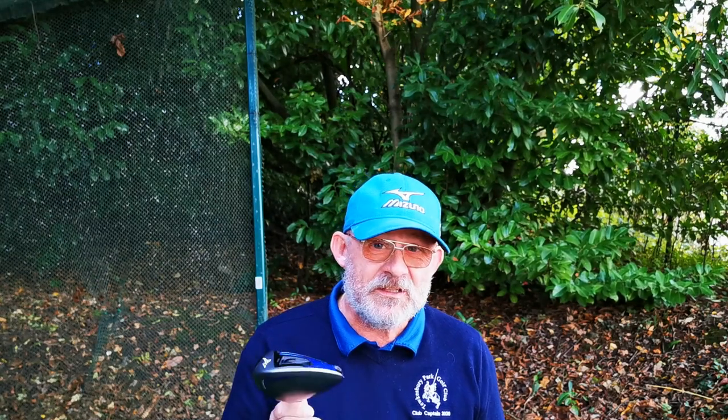So what you need is the old game improver. Now PING makes some cracking game improver clubs. The one I've got is the Mizuno JPX EZ 2016 model. Didn't sell because it's grey. There's loads of these about. If you look carefully you'll find these brand new still in the wrappers.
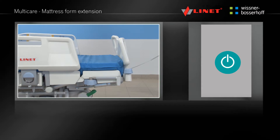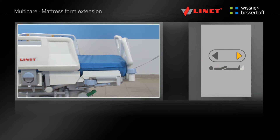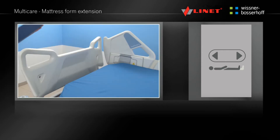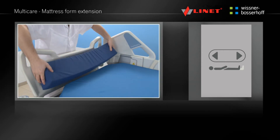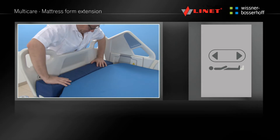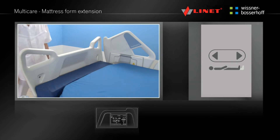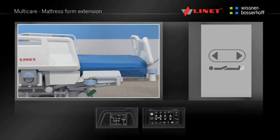Activate the function by pressing the Go button. Press and hold the function button until the desired length of the bed is reached. Slide the mattress towards the foot end and fill the gap near the head end. This function is located on the integrated side rail controls and the Supervisor panel.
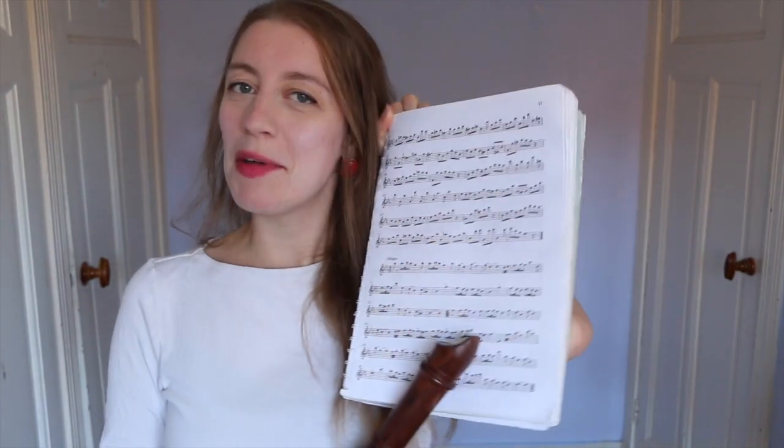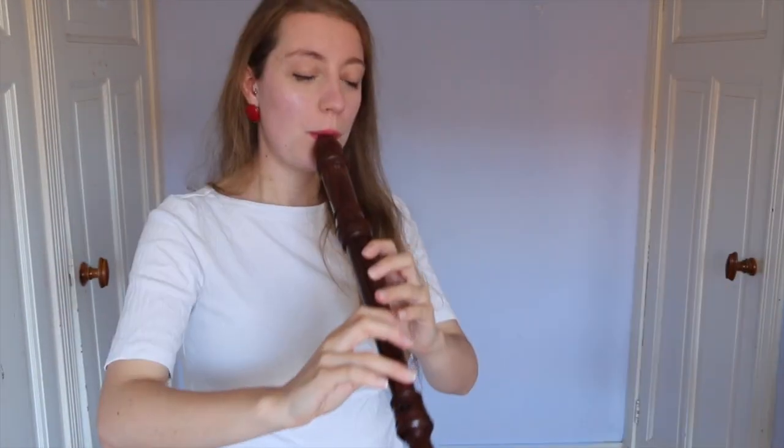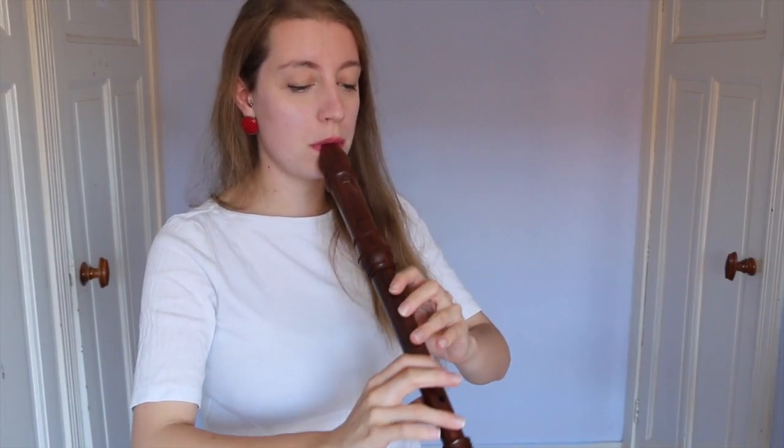I'm here to show you four different ways in which you can create a whole dynamic range with your recorder. We just have to be subtle — we're suggesting the dynamics rather than slapping you in the face with them. Method number one is actually blowing more and less, blowing louder and softer. I've got a bit of Telemann Fantasia number five here; I'm going to play a few bars first loud and then soft through my breath. We noticed two things: it's horrendously out of tune and the tone colour isn't very nice.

▬▬▬

_Exercise prompt_
Would you retype all the lines shown above, exactly as written and without any picture?

_Result of this task_
So what you need is the old game improver. Now PING makes some cracking game improver clubs. The one I've got is the Mizuno JPX EZ 2016 model. Didn't sell because it's grey. There's loads of these about. If you look carefully you'll find these brand new still in the wrappers.
Activate the function by pressing the Go button. Press and hold the function button until the desired length of the bed is reached. Slide the mattress towards the foot end and fill the gap near the head end. This function is located on the integrated side rail controls and the Supervisor panel.
I'm here to show you four different ways in which you can create a whole dynamic range with your recorder. We just have to be subtle — we're suggesting the dynamics rather than slapping you in the face with them. Method number one is actually blowing more and less, blowing louder and softer. I've got a bit of Telemann Fantasia number five here; I'm going to play a few bars first loud and then soft through my breath. We noticed two things: it's horrendously out of tune and the tone colour isn't very nice.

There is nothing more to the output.